A China Business Law Journal survey of law firms around the world shows a protracted US-China trade war and a bevy of international and domestic political developments have dealt a blow to Chinese outbound investment. Mithun Varkey reports

Chinese business have become more selective and cautious about their investment in light of increasing economic and geopolitical risks around the world, which have led to a decline in outbound deal-making.

Chinese outbound investments fell 10% (US$143 billion) in 2018, according to data from China’s Ministry of Commerce, while an Ernst & Young report from August this year noted that overall outbound investment in the first half of 2019, at US$54 billion, was down 8% year-on-year.

“Outbound Chinese investment has been slowing considerably this year,” says Ulrike Glueck, managing partner of CMS Law in Shanghai. “So far, we have not experienced much impact form the trade war on our business.

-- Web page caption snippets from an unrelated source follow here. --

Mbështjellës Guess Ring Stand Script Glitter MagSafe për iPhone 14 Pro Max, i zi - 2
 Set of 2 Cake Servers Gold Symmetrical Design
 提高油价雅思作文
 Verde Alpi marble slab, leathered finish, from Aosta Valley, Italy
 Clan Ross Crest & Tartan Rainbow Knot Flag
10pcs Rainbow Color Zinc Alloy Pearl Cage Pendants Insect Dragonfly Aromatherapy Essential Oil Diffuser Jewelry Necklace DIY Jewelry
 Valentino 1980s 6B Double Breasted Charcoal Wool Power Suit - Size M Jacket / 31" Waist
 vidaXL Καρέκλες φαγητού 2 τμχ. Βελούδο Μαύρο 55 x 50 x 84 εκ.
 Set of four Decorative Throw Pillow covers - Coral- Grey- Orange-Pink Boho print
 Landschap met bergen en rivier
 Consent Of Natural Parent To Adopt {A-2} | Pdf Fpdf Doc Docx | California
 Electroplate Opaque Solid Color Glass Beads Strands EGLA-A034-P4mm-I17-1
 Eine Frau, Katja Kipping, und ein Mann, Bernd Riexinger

However, this is probably due to the reason that lawyers’ work is always at the end of the business pipeline, and existing projects are not impacted.

“However, due to the trade war and other reasons, globally, GDP growth is shrinking and some countries are already moving towards a recession. Thus, I expect 2020 to become a more difficult year,” says Glueck.

Rising protectionism

While there is a consensus about a slowdown in China-related work across regions, Europe seems to have seen the most impact. The effect of the trade war has been compounded by a surge in protectionism and increased scrutiny of inbound deals in Europe.

“The trade war has added additional uncertainties for Chinese investors … it began at a time where European [including German] legislators tightened their thresholds for approving foreign investment, in particular with regard to high-tech industries,” says Mark-Alexander Huth, a partner at German law firm Schulz Noack Bärwinkel (SNB).

Outbound“To make things worse,” he adds, “the Chinese foreign exchange regime added further difficulties to Chinese outbound investments with regard to their financing. This all seems to have had a negative impact on the motivation of Chinese investors, and resulted in an immediate slowdown of German-Chinese M&A transactions this year.”